Em Portugal, o governo tem supinamente embarcado nesta tendência destrutiva de uma conquista civilizacional e democrática com mais de 200 anos, menosprezando a rigorosa proteção que os dados pessoais merecem, sobretudo à luz dos desenvolvimentos ao nível da União Europeia que culminaram com a aprovação, há alguns meses, de um pacote legislativo amplamente discutido e com um impacto económico ainda desprezado em Portugal.

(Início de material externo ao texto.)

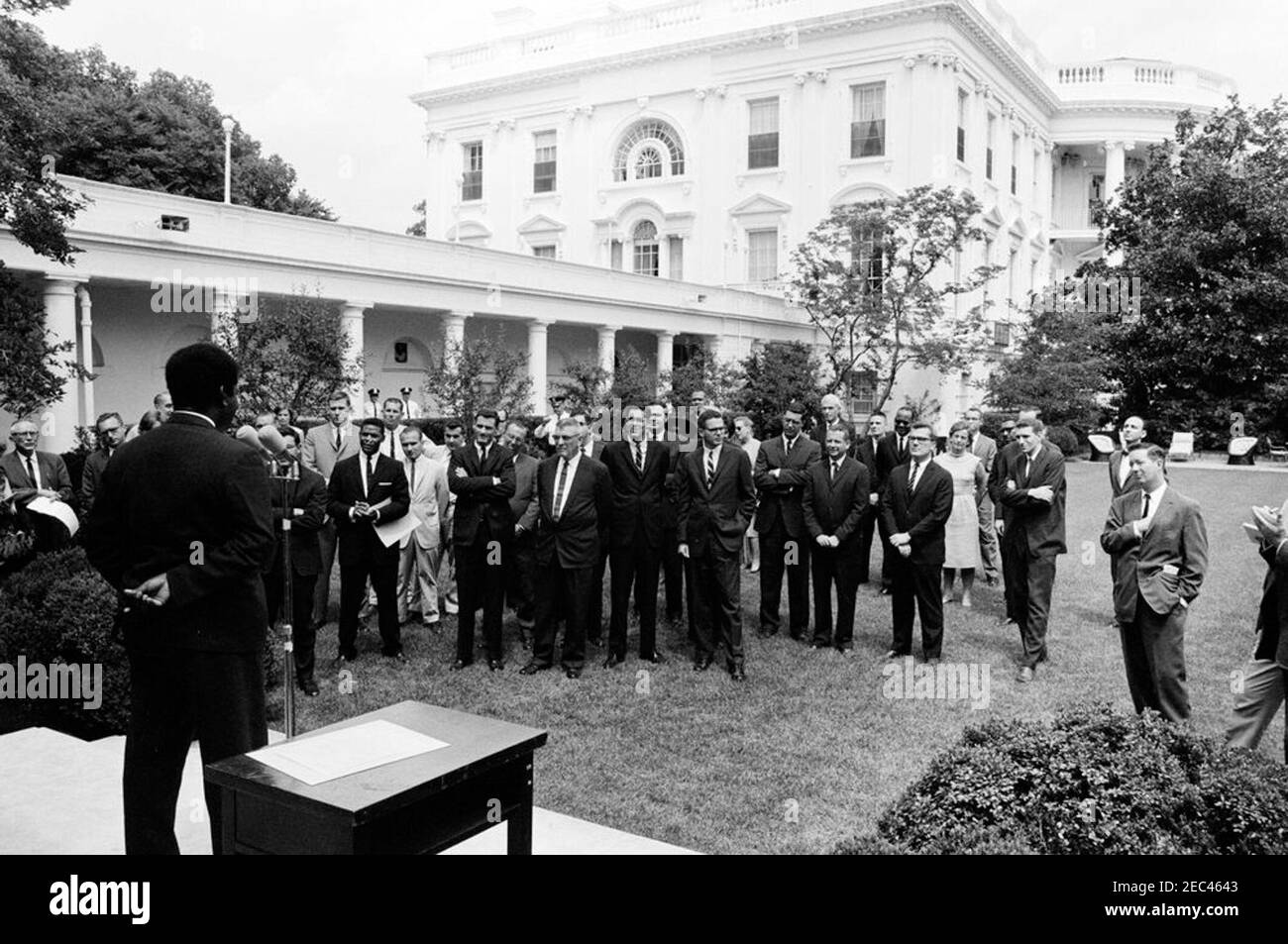 Sargent Shriver, Directeur du corps de la paix, avec des volontaires se rendant à Tanganyika. Le ministre des Affaires extérieures et de la Défense de Tanganyika, Oscar S. Kambona, s'adresse aux volontaires du corps de la paix qui doivent servir à Tanganyika. Rose Garden, Maison Blanche, Washington D.C. Banque D'Images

No início de agosto, aproveitando a anestesia e o entorpecimento mental das férias, os consulados passaram a facultar dados pessoais dos emigrantes a terceiros. A Comissão Nacional de Proteção de Dados (CNPD) manifestou-se contra. Alguns dias depois, o governo pretendia facilitar o acesso e o controlo da Autoridade Tributária a dados pessoais de natureza sensível: o número da conta, o saldo e o valor anual final existente em dado momento. Esta ingerência, por muito que se procure fundamentar com o combate à corrupção e à perseguição dos mais ricos, é excessiva por autorizar de forma generalizada o acesso a dados pessoais sensíveis de todos os portugueses, sem qualquer diferenciação, limitação ou exceção em função do objetivo prosseguido. O que o governo pretendia era implementar uma vigilância generalizada e em larga escala que, como a CNPD conclui, é desproporcional e inconstitucional.
Aparentemente inocente, o acesso por parte do Estado a dados pessoais permite uma forma de monitorização ou de vigilância, designada por Roger Clarke como “dataveillance”, que consiste na observação não através de uns binóculos ou de uma câmara, mas através da recolha de factos e dados da vida dos cidadãos. Ainda que menos imediatos e talvez mais abstratos, os perigos para a liberdade individual e até para o livre desenvolvimento da personalidade não são muito distintos dos profetizados por Orwell ou por Bentham.